5. Llevo 35 minutos desde el aeropuerto hasta el hotel cargando la maleta. De hecho, llevo con ella desde las 6 de la mañana. ¿Qué les hace suponer que soy incapaz de llevarla hasta la habitación?.

6. Me gustan las plantas. Me gustan mucho las habitaciones con plantas.

7. Creo que el criterio debería ser éste: Si dudamos entre colgar un cuadro o no hacerlo, claramente no hay que no hacerlo. De hecho, casi mejor no colgar jamás un cuadro. He pasado noches enteras sin dormir por culpa de cacerías de ciervos o atardeceres en el bosque de las ninfas.

8. La mayoría de hoteles abusan de los olores artificiales: detergentes, ambientadores, aerosoles…, que intentan disimular el tránsito humano de un hotel. Personalmente, me molestan muchísimo. Ventilar un poco y combinar con olores naturales (un poco de espliego o de lavanda, por ejemplo) es una alternativa mucho más agradable.

9. Parece ser que en la mayoría de hoteles, el presupuesto se les agotó antes de llegar al armario. Encontrar perchas de madera es tan complicado como encontrar un libro en la casa de Gran Hermano.

10. No sé quién diseña los “salones” de algunos hoteles. Las conferencias en algunos salones con tapizados, mesas minúsculas, una iluminación clandestina y una tarima con faldón en las mesas parecen sacadas de una boda búlgara de los años 80.

11. Y ya que hablamos de conferencias, he visto batallas por un enchufe más violentas que las Termópilas. El criterio podría ser: Nunca habrá suficientes, de manera que multipliquen por dos la previsión.

12. Esto sé que es difícil, pero me haría feliz. Es casi imposible leer un periódico y desayunar a la vez, porque las mesas (casi siempre circulares) son demasiado pequeñas. En mi mesa ideal caben el café, el plato, el periódico e incluso, el bol de frutas.

13. Y ya que hablamos de desayunos, me gustaría reivindicar el valor del café. Esas máquinas que proporcionan un líquido oscuro precedido de un ruido atronador deberían ser precintadas por sus efectos contra la salud pública.

14. En mi hotel ideal, dejo la maleta después del check out en un espacio seguro y además no me siento como un delincuente que deja un alijo en un piso franco.

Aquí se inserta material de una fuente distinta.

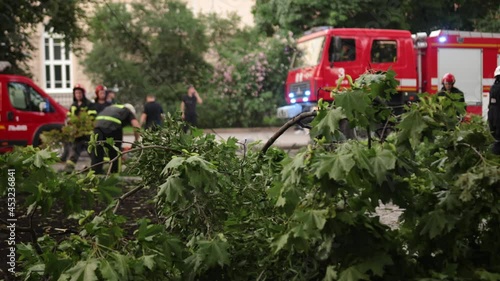 Rescue service on special equipment removes fallen and charred trees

15. Y en mi hotel ideal, la recepción tiene un perfil de twitter y me puedo dirigir a ellos en cualquier momento y en cualquier punto de la ciudad.

Hay muchas más ideas: Wi-fi gratuito, champús para cabello, agua potable, mandos a distancia que funcionan, gimnasios con horarios más flexibles, llaves con coordenadas gps (ideal para taxistas novatos), política anti-spam… En todo caso, ¿qué les parece si compartimos las propuestas en twitter?. #mihotelideal. ¿Cómo sería su hptel ideal?.

Reiventar las oficinas de turismo

No somos muy conscientes del valor estratégico de las oficinas de turismo. Los turistas adaptan su itinerario, deciden el acceso a los servicios o fijan su mirada en unos elementos u otros, de acuerdo a los consejos de las OIT. ¿Somos conscientes del valor de estos espacios de gestión de momentos de la verdad?. Y aun más, ¿se han adaptado las oficinas a los cambios del turismo contemporáneo?.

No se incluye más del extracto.